Do DSCR lenders accept reserves held in foreign bank accounts?
Yes, but with documentation requirements that go beyond what US bank accounts require. Foreign bank statements must be in English (or accompanied by certified translation), converted to USD at the statement date, and accompanied by a source-of-funds letter from a CPA or attorney for amounts over $50,000. Lenders with active foreign national programs — including Change Wholesale — have established processes for this; general DSCR lenders may not.
Can I use cryptocurrency as DSCR reserves?
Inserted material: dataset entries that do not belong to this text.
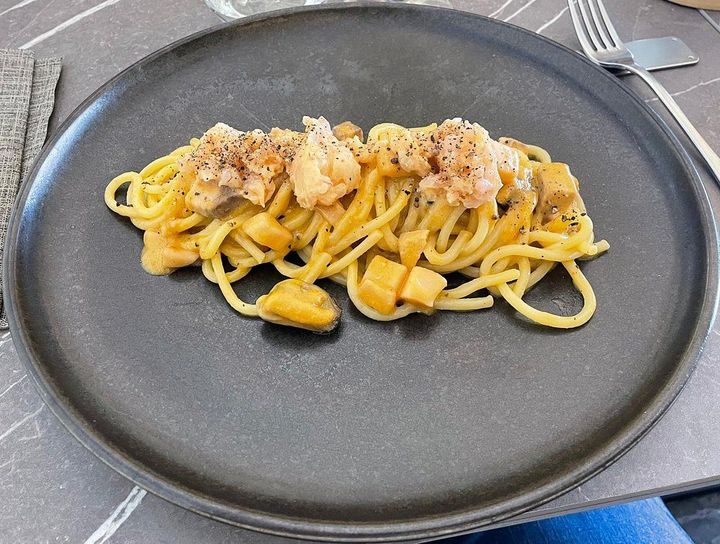 Pasta al salmone su un piatto scuro, guarnita con formaggio grattugiato, su un tavolo.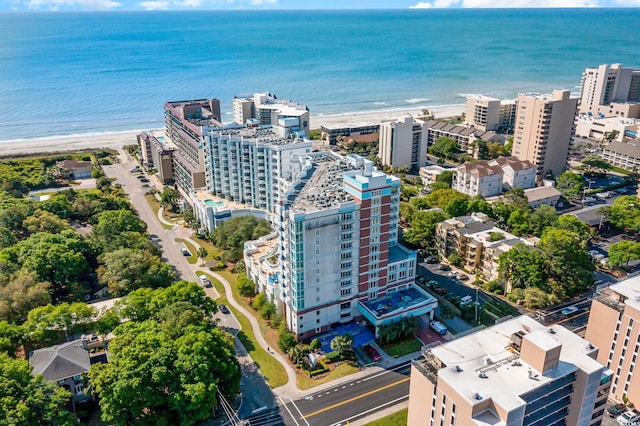 drone / aerial view featuring a city view, a view of the beach, and a water view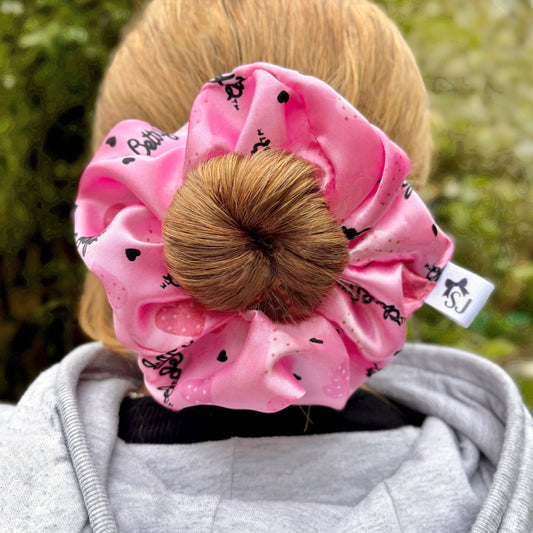 Pink Betty Boop satin scrunchie in a woman's blonde hair from the back, in front of a bamboo tree outside.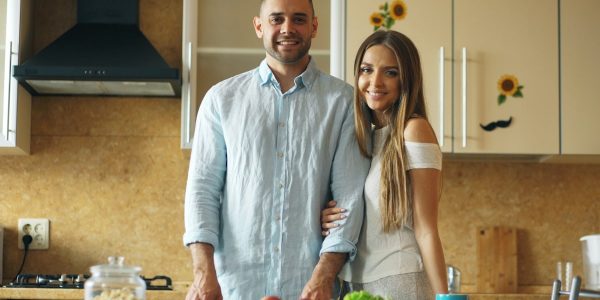 Portrait of loving couple cooking breakfast smiling ang looking into camera in the kitchen at home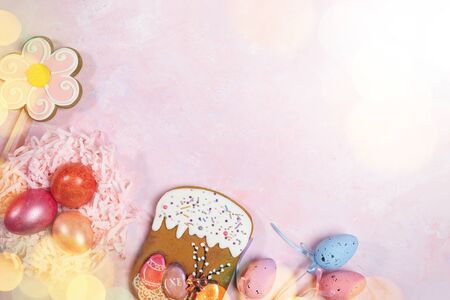 Easter festive background with colored eggs, Easter gingerbreads and bokeh overlay on pink backdrop....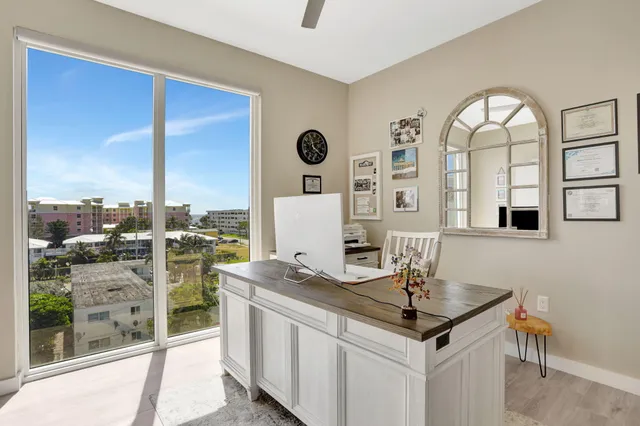 a view of a kitchen with living room and microwave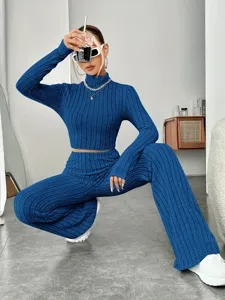 Detail view of a stylish blue ribbed knit two-piece set, featuring a cozy crop top and pants.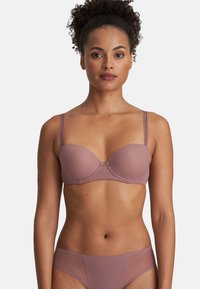 Formad kupa bh i mauve med tunna justerbara remmar. Slät textur och en subtil geometrisk detalj mellan kuporna. Idealisk för vardagsbruk.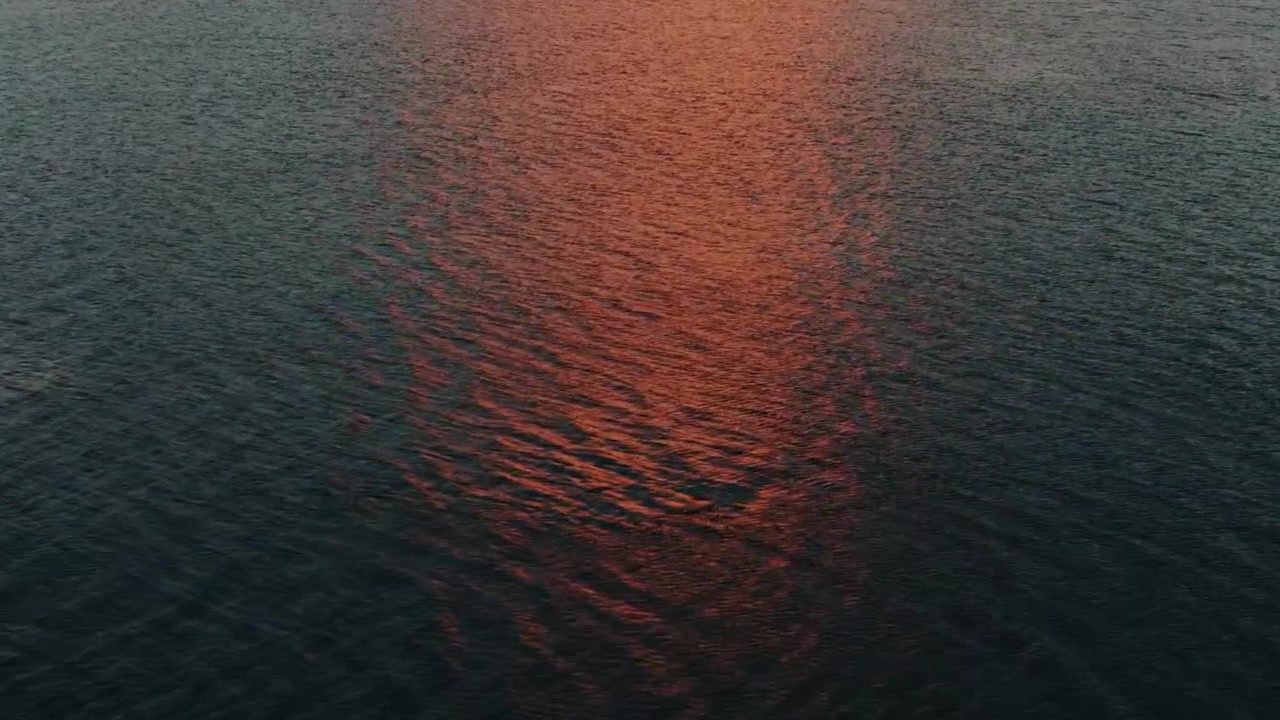 Aerial over Rippling Sea Reflecting Orange Sunset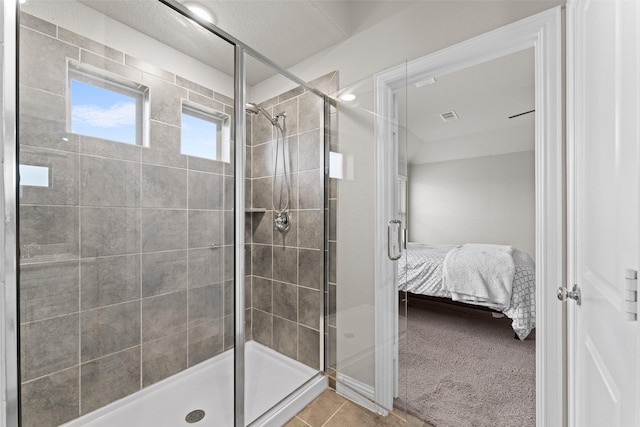 bathroom featuring tile patterned floors and a shower with shower door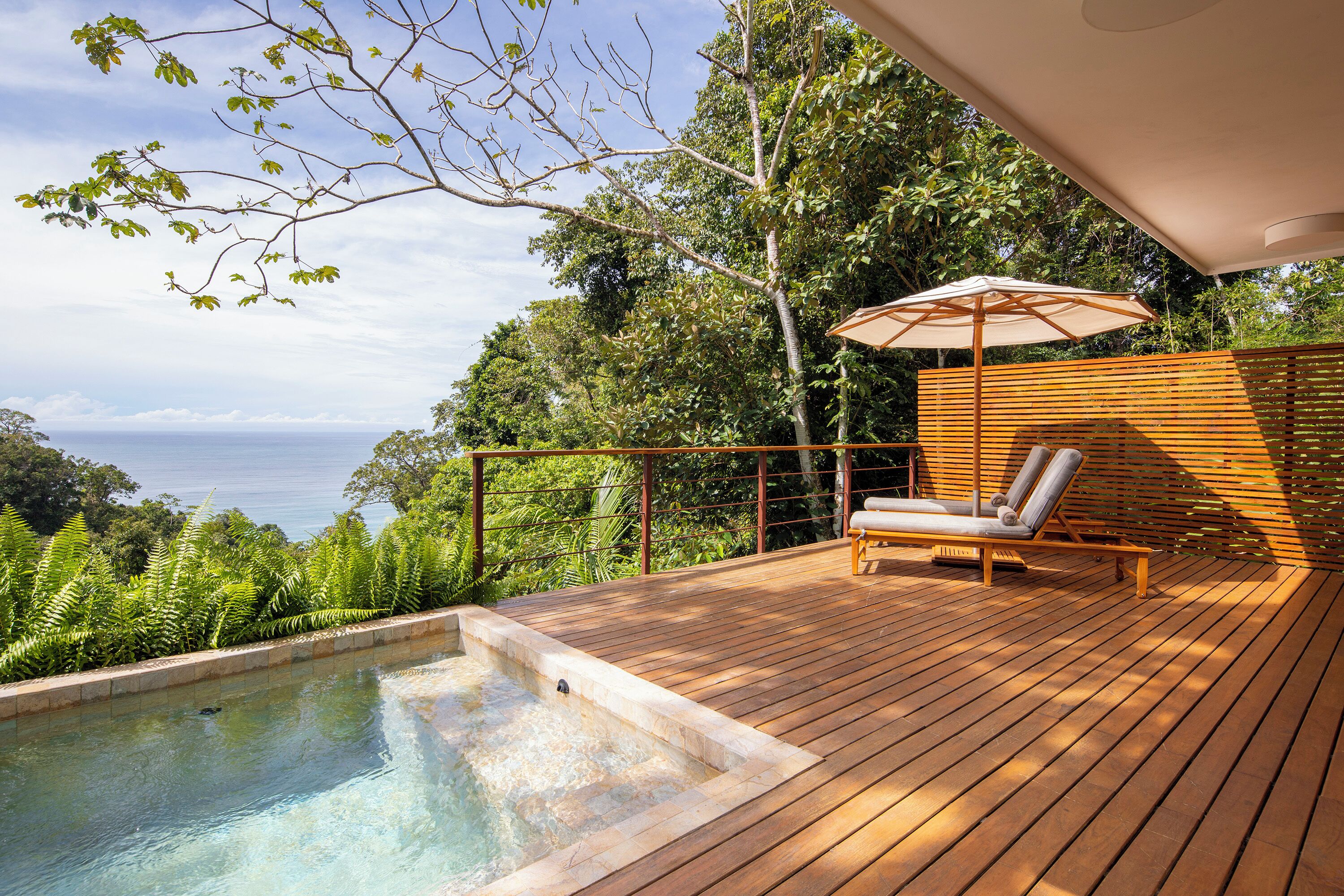 Une terrasse en bois avec un jacuzzi, une chaise longue et un parasol, offrant une vue sur un paysage luxuriant et la mer.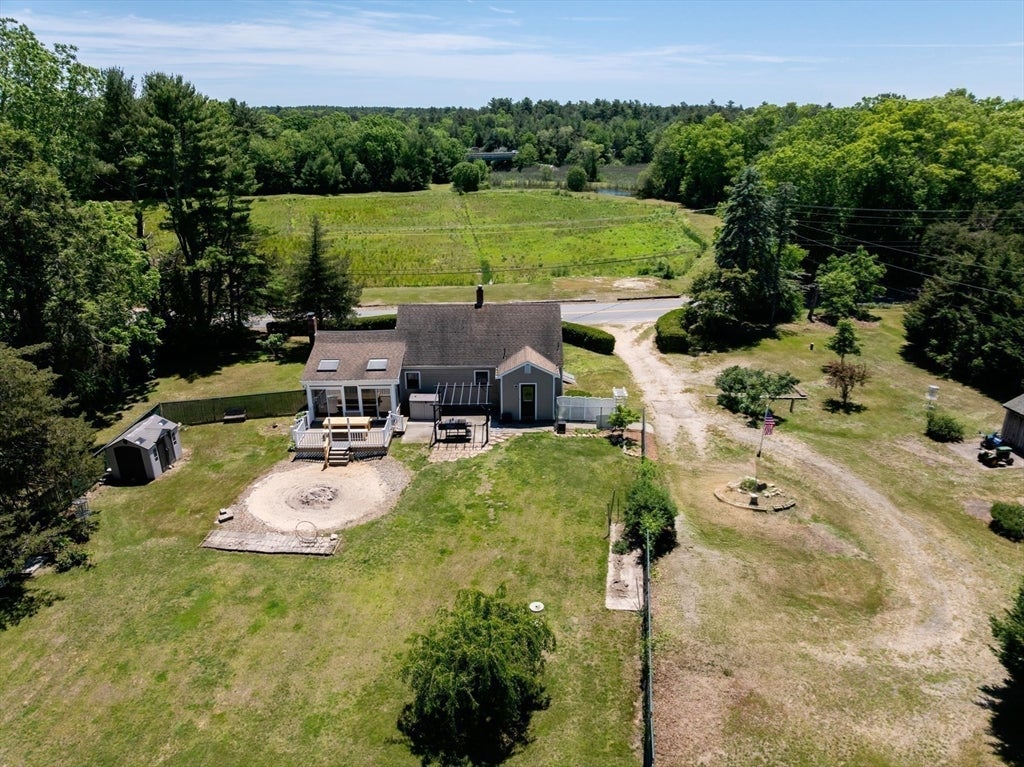 Nestled on over 2 acres, this Classic New England Cape offers the perf – image 39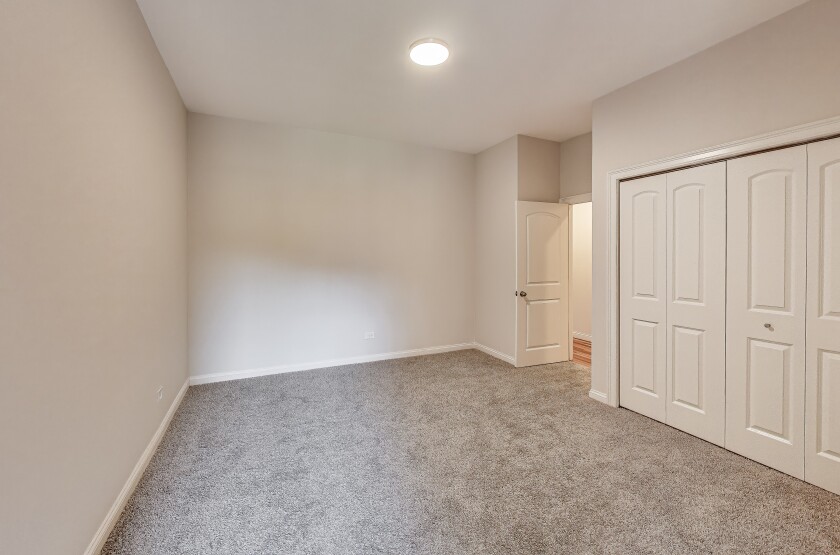 One of the bedrooms with carpeting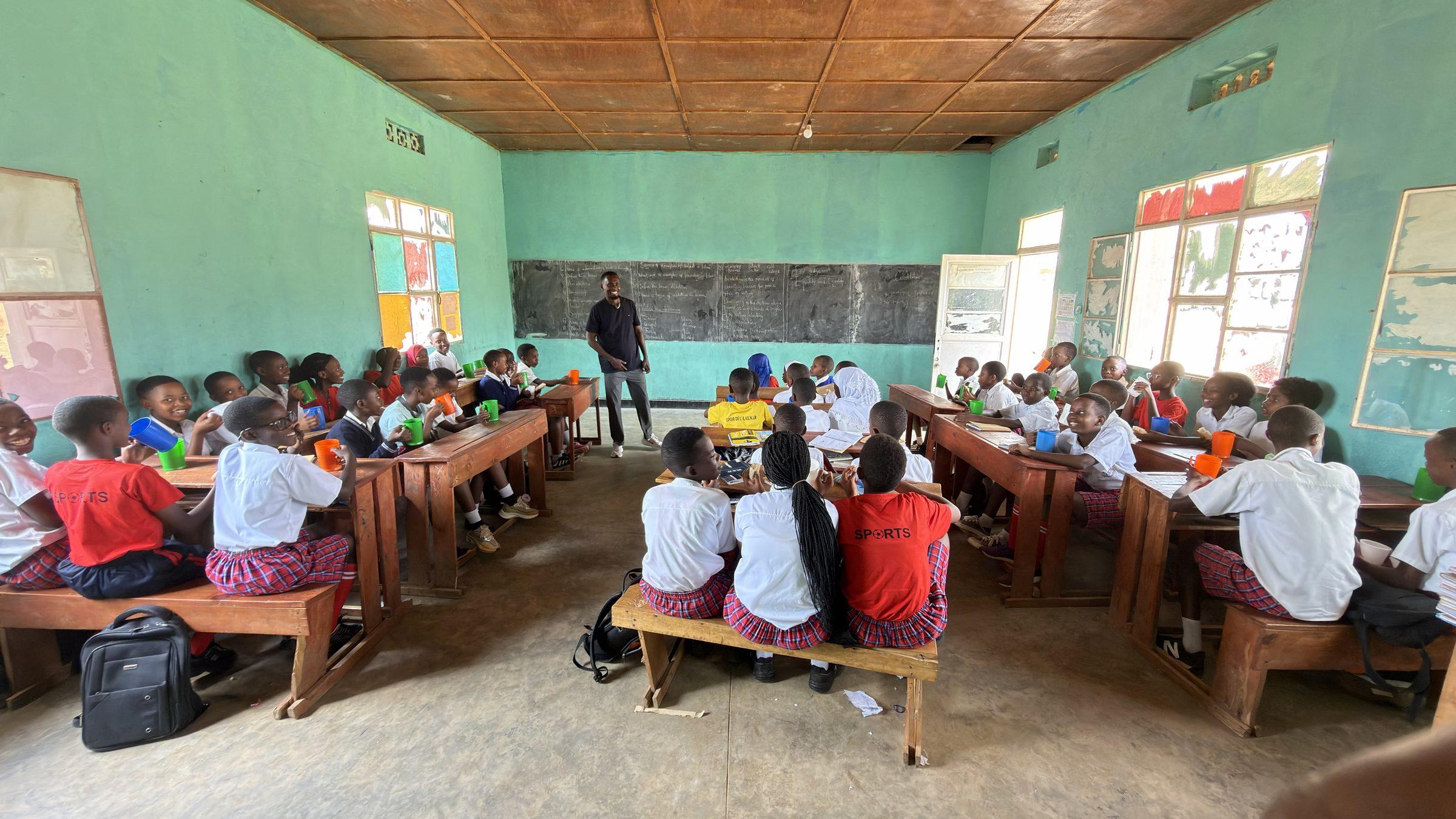 Pupils in red sweaters eating at long desks, the chalkboard behind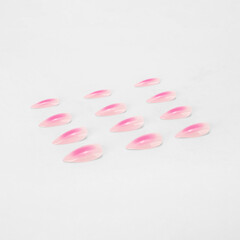 realistic set of colored false nails adhesive isolated on white background. top view. false nails acrylic nails for women. different fashion nail shapes.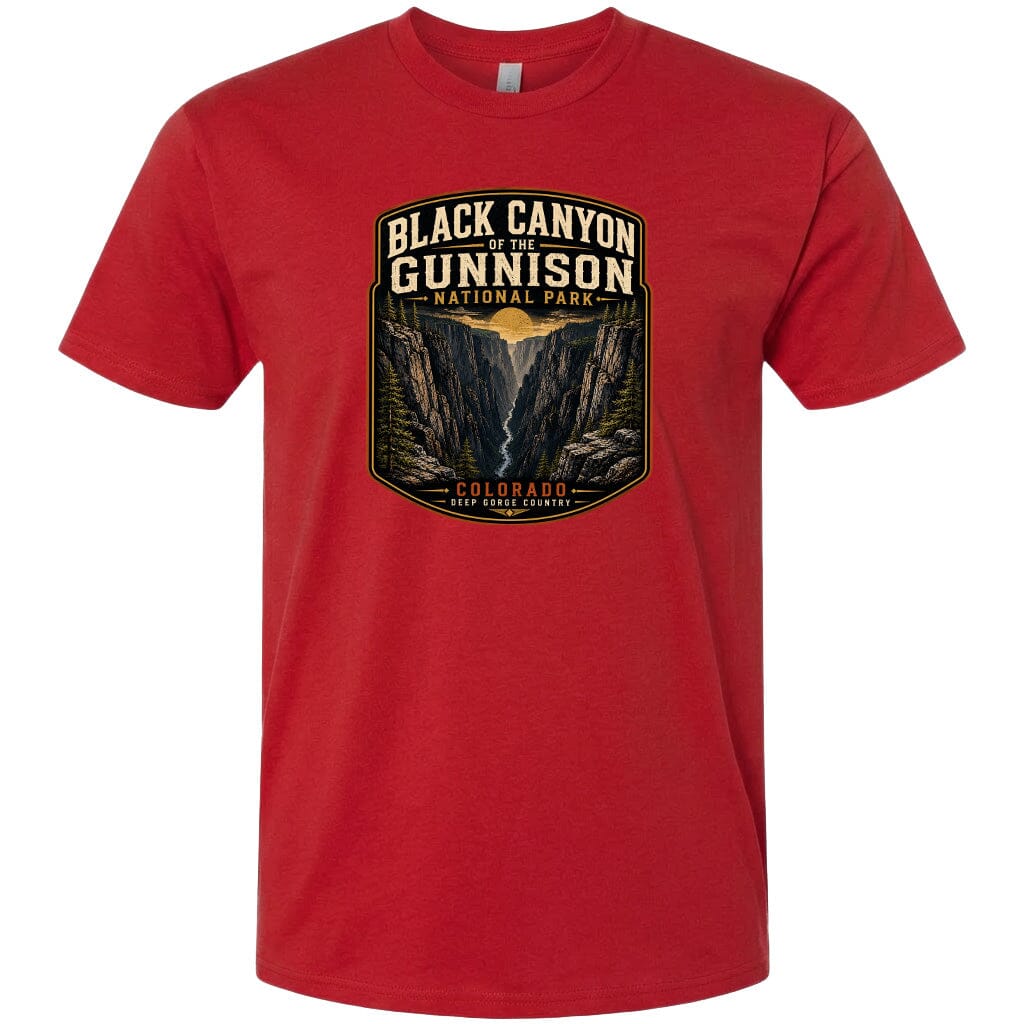 A red t-shirt with a graphic design depicting the Black Canyon of the Gunnison National Park in Colorado.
Most DSCR lenders do not accept cryptocurrency as reserves, including for foreign national borrowers. Crypto assets need to be converted to fiat currency and seasoned in a recognized bank account for at least 60 days before the lender will count them. The conversion is a taxable event in most circumstances, so coordinate with a CPA before liquidating crypto for a down payment or reserve account.
What is the source-of-funds letter and who needs to write it?
A source-of-funds letter is a brief attestation from a licensed CPA or attorney stating that the funds being used for down payment or reserves were legally acquired. It is not an audit — the professional is attesting to their knowledge based on the client's documentation and explanation. The letter is typically one page and must be signed and dated. Most lenders require it for reserve accounts held outside the US or for large single deposits in any account.